Nothing but the pictures should be dropped when the records are transcribed word for word.

━━━━

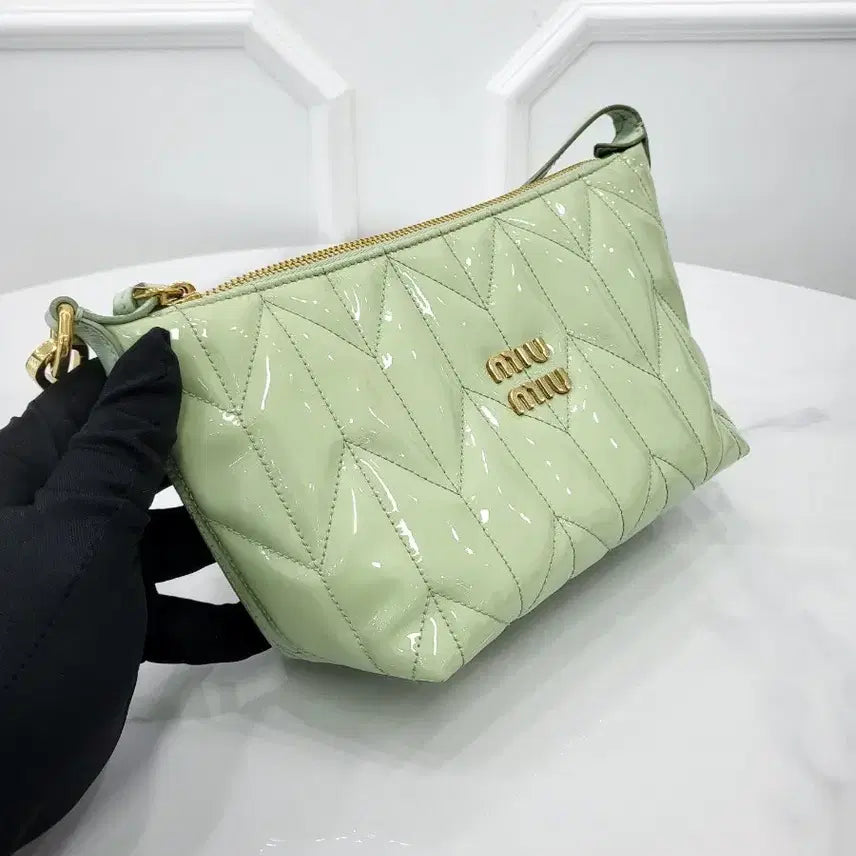 [SOLD OUT] 미우미우 스피릿 페이던트 메로나 미니백 5NE841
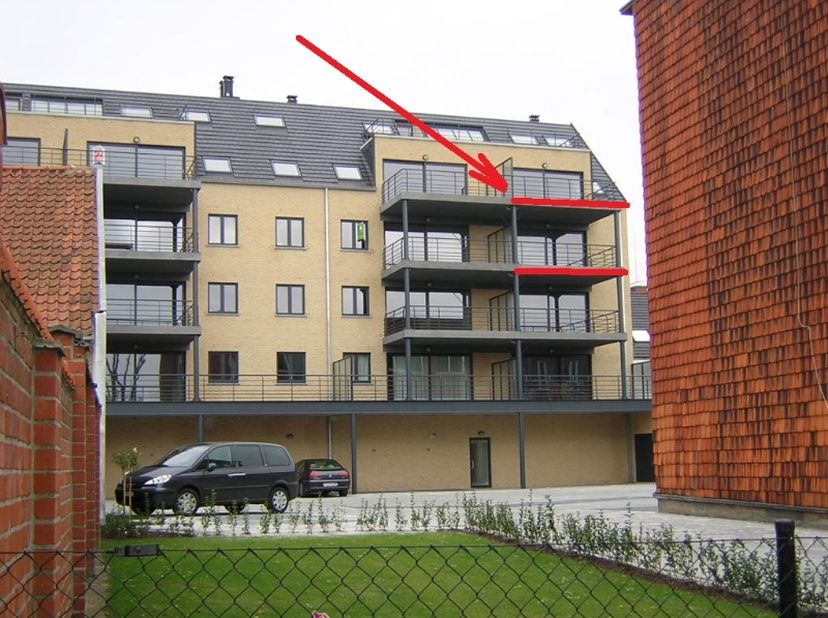 NL : Verzorg en heel goed gelegen ruim, twee slaapkamer appartement : inkom, leefruimte, met ruim zuidgericht terras (15 m² - 3 op 5 meter), open keuk
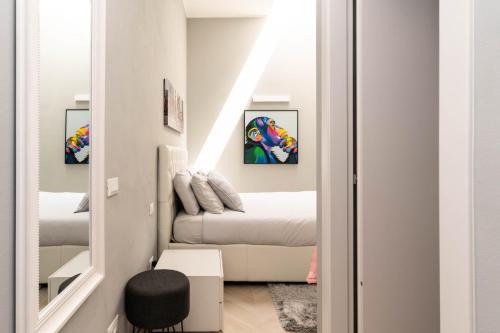 Lr Deluxe Apartments Loft di Lusso Repubblica — 4-Star Luxury Hotel in Milan, Italy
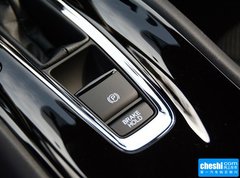 2015款 1.5 CVT 两驱舒适版 5座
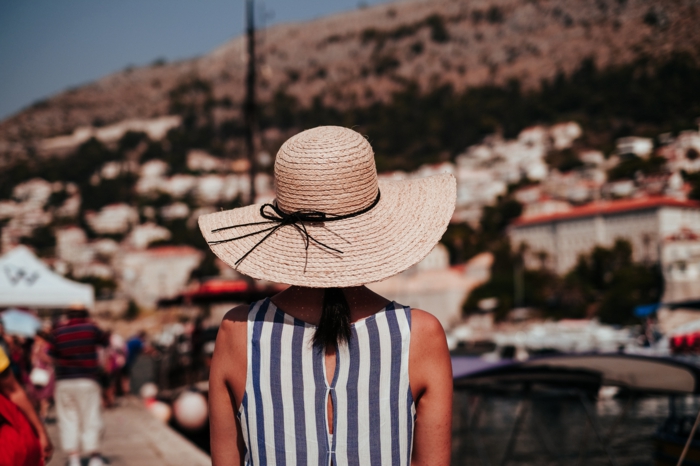 capeline femme, robe rayée, tenue de vacances, chapeau de paille femme à larges bords, chapeau d été pour femme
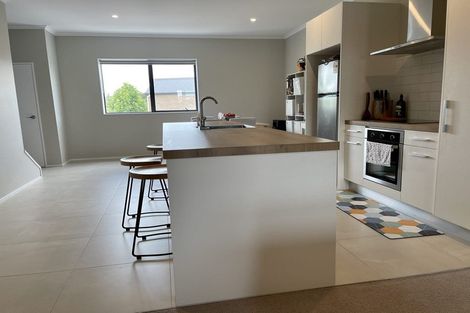 Photo of property in 3 Danga Lane, Hobsonville, Auckland, 0616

━━━━

(Task output):
 [SOLD OUT] 미우미우 스피릿 페이던트 메로나 미니백 5NE841
 NL : Verzorg en heel goed gelegen ruim, twee slaapkamer appartement : inkom, leefruimte, met ruim zuidgericht terras (15 m² - 3 op 5 meter), open keuk
 Lr Deluxe Apartments Loft di Lusso Repubblica — 4-Star Luxury Hotel in Milan, Italy
 2015款 1.5 CVT 两驱舒适版 5座
 capeline femme, robe rayée, tenue de vacances, chapeau de paille femme à larges bords, chapeau d été pour femme
 Photo of property in 3 Danga Lane, Hobsonville, Auckland, 0616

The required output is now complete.